For a given P, compute out2(in2(P)), out3(in3(P)), in2(out2(P)) and in3(out3(P)). Then, theoretically all four pentagons should be identical to pentagon P. Unfortunately, due to finite precision arithmetic, this is not the case. As a result, we should measure the error generated from the in() and out() operations. For each vertex of the pentagon P, say A = (x, y), and its corresponding result after taking the in() and out() operations, say A' = (x', y'), we compute the maximum error as follows:

maximum error of A = maximum of |x - x'| and |y - y'|

The maximum error of P is the maximum over all five vertices. Then, you can compile a table as follows:

 p out2(in2(P)) out3(in3(P)) in2(out2(P)) in3(out3(P)) 0.1 fill maximum error in each entry 0.01 0.001 0.0001 0.00001 0.000001

Write a program that uses both float and double to perform the calculation and generate the above maximum error table. Name your program pentagon.c. You will need (1) constructing a line from two points, and (2) computing the intersection point of two lines. Please consult your calculus and analytic geometry books.

To receive full credit, you should do the following: (1) the required maximum error tables, one for float and one for double, (2) program file pentagon.c and a Makefile for me to compile and run your program, (3) the vertices of the resulting pentagon, (4) a table in the format mentioned above (submit it in your README file) and (5) an analysis which should include answers to questions like (a) why could the error be very large? (b) what is the cause(s) of the problem(s)? (c) which vertex (or vertices) causes the largest error?, and (d) any findings that are worth mentioning. In answering (5b), you should provide evidence and argument to convince me. The reason that "it is due to finite precision and loss of significant digits in floating point calculation" is not acceptable.

### An Important Note

Note that having subtraction operations and losing significant digits are not good answers. They are the consequences of some operations you put into your program. You should pinpoint the right places where these problems appear and tell me why.

• (40 points)
Use spheres, boxes, planes, cylinders, cones and whatever objects you like to compose a scene.
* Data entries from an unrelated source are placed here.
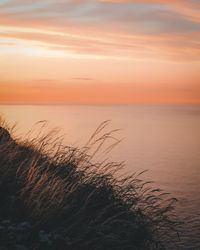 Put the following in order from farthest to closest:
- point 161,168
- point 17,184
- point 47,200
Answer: point 161,168 < point 17,184 < point 47,200

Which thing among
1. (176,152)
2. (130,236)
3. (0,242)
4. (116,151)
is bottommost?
(0,242)

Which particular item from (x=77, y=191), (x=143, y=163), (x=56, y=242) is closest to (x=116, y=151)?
(x=143, y=163)

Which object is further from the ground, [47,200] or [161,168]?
[161,168]

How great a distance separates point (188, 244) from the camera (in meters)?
8.41

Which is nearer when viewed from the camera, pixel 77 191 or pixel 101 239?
pixel 101 239

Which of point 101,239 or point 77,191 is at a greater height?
point 77,191

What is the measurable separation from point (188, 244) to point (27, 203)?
500cm

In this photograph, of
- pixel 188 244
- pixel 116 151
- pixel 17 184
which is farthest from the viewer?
pixel 116 151

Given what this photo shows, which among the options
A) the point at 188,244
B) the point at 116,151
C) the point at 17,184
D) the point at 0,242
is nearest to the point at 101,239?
the point at 0,242

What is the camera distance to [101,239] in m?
5.00

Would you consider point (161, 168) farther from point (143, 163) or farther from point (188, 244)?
point (188, 244)

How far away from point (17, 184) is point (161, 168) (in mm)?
15407

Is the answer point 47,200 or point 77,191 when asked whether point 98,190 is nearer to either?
point 77,191

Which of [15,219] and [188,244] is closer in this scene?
[15,219] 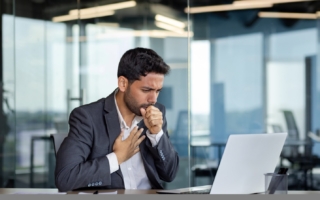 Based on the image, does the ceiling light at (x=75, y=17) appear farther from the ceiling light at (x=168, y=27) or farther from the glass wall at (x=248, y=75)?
the glass wall at (x=248, y=75)

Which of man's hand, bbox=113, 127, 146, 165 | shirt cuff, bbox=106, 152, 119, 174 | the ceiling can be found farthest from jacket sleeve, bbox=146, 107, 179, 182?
the ceiling

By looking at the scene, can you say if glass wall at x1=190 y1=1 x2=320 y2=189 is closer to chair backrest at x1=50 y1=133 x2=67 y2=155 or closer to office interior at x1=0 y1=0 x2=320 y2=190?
office interior at x1=0 y1=0 x2=320 y2=190

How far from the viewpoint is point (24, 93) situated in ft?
20.4

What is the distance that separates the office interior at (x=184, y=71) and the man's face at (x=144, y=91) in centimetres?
320

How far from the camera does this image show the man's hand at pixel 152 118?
278 centimetres

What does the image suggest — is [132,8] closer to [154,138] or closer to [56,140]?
[56,140]

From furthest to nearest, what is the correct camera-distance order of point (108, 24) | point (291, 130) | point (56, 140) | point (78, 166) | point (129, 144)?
1. point (108, 24)
2. point (291, 130)
3. point (56, 140)
4. point (129, 144)
5. point (78, 166)

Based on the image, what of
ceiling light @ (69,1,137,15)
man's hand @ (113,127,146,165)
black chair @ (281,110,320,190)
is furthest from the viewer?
ceiling light @ (69,1,137,15)

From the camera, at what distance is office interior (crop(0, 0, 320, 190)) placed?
6031 mm

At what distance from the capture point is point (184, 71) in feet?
20.0

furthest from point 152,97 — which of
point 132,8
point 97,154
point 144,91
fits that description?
point 132,8

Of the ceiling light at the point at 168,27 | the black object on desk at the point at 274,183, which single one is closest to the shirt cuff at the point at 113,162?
the black object on desk at the point at 274,183

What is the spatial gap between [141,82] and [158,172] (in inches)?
18.0

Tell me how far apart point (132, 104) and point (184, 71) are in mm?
3238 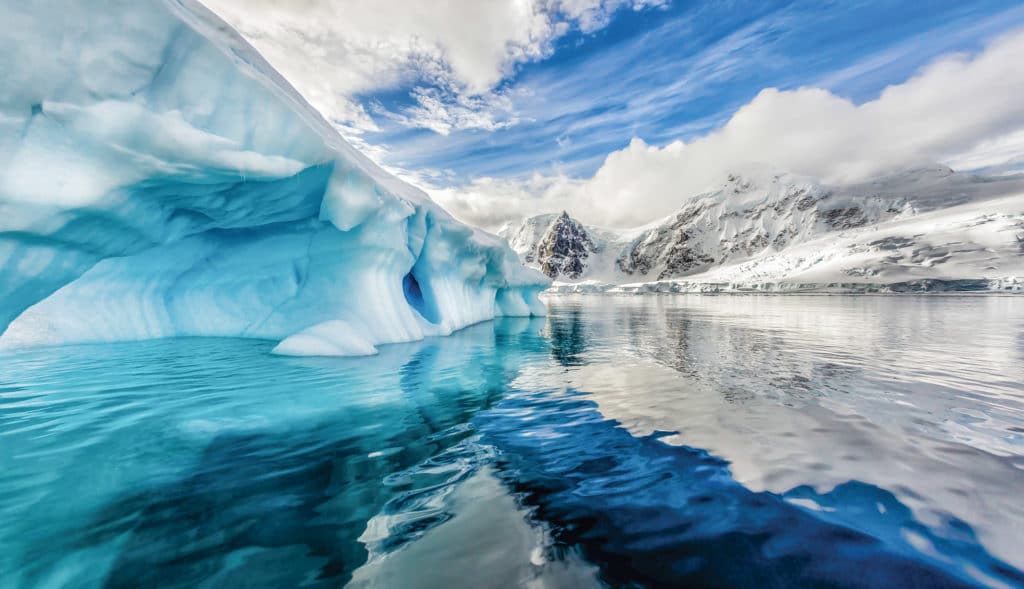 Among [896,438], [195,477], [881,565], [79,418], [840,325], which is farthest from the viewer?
[840,325]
Then, raytrace it.

Please note the following when you do this problem:

1. Your scene should be in a single file.
2. Do not generate large images . Testing your result using 120×90 or 160×120. When you are done, put POVRAY in the background for generating a larger image, say 640×480.
3. Use display or xv for viewing.
4. To reduce file size, convert POVRay's output file to JPEG with low compression ratio. display, xv and gimp have this conversion capability. Under display, you can choose save, followed by format. Then, select jpeg. Finally, save the result. The default quality factor is 75%. Please change this value to 80% or higher for better image quality. Please erase your TARGA file because it is huge (uncompressed). Make sure the filename extension is jpg rather than JPG nor JPEG.
5. Feel free to use whatever colors you like and choose whatever location and viewing position.

Use the submit command to submit the following material:

• A README file contains the solutions to these three problems. More precisely, you should put the answer to Problem 1, the tables and elaboration of Problem 2, and the description and anything you want to write about for Problem 3 in this file. Please use ASCII text files. This file will be graded and e-mail back to you. Make sure line length in your README file is no more than 80 characters (i.e.), use the Return key to limit the length of each line to 80 characters. Otherwise, you will risk lower grade.
• In the very beginning of your README file, you should add the following information for identification purpose:
```NAME:      your name
EXERCISE:  1
```
• Submit your JPEG image with filename your-name.jpg. Also add your name and e-mail address on the image. With display, use the left-button to bring up the ImageMagick main menu and choose Image Edit followed by annotate. Then, you could choose a font, a color and so on. Finally, move the mouse pointer into the image area where you want to place your name, click, type your name, and hit ESC key to get out. Don't forget to save your file. After submitting your file, please do not touch it until this semester is over.